Whether the Palestinians have met the criteria “must be determined to have occurred by the State of Israel and the United States, jointly, acting in good faith …” the plan reads. Although the substance of the two criteria above is certainly desirable in a 21st century state, it is important to note that for many existing states around the world (that are not considered “failed states”) these remain aspirational. To consider their full realization necessary for the Palestinian state to exist at all is unfair and hypocritical. Moreover, requiring credible institutions before statehood is to put the cart before the horse. The lack of the latter will necessarily cripple the development of the former.

The preceding and the fact that Israel, just weeks after the announcement and without Palestinian input or assent, is already preparing to annex territory in the West Bank and has, along with the United States, already established a committee for the purpose brings into question the genuineness of the offer of Palestinian statehood.

Third, if the plan is implemented, it will undermine rather than enhance Israeli security by legalizing a volatile and unsustainable geographical and political arrangement that will only further dehumanize both Israelis and Palestinians. Israel will indeed become what many of its critics have long argued it already is—a bi-national “apartheid” state. Even former foreign ministers from across Europe have voiced concerns about the inevitability of this outcome. Instead of offering  Palestinians “a path to a dignified national life” as it claims, the plan would only guarantee their subjugation. It will entrench existing racial/ethnic prejudices and injustices (described in this podcast by Israeli journalist Gideon Levy at 11:50-13:00) and this will only further embitter the Palestinians and increase violence.

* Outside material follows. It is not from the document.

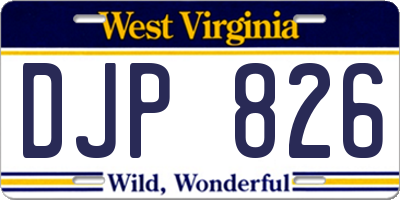 WV license plate DJP826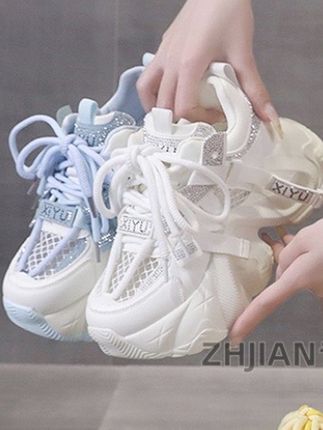 C网红时尚水钻情侣老爹鞋女2025新款夏季网面透气百搭休闲运动鞋#夏季穿搭 #便宜又好穿 #潮鞋推荐好看不贵 #只做高品质 #显高显瘦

In response, Israel will feel compelled to employ ever more brutal and repressive measures to enhance its security, making peace even more elusive.

Fourth, as written, the plan is disrespectful, condescending, and contemptuous toward the Palestinians both in its spirit and, in some cases, its language. Noting this problem, Daniel Levy described it as a “hate letter” to the Palestinians. With Israeli benignity and stability and Palestinian malignity and instability assumed throughout, it seems the writers lacked an understanding of the importance and delicateness of national pride, and how, when wounded, can harden even the most unreasonable positions.

The plan humiliates the Palestinians by essentially telling them, “We will give you a state that we think is suitable for you when you get yourselves together in manner that satisfies us.” Just in case readers are unsure of my reading of the tone of the document, the administration’s senior adviser on the plan, in his many post-release interviews, left no doubt.

Whatever the path is to Israeli-Palestinian peace, disrespect and contempt cannot be part of it.

If peace is still the goal, the honest (and indeed more effective) approach to this complex situation would have been for the administration to acknowledge that the current conditions are not conducive to the creation of a comprehensive Israeli-Palestinian peace agreement that would allow for legitimate Palestinian statehood. Instead of pushing forward a deeply flawed and unrealistic plan, the administration could have focused on creating better conditions by building trust between the parties, working with the international community to address the security threats facing Israel, and fortifying existing domestic and international mechanisms to ensure that the current political and economic conditions do not deteriorate further. Pretending peace is possible at this time and using the peace process for political ends when lives are at stake is dangerous and unethical.

For these reasons, we should not support the Vision.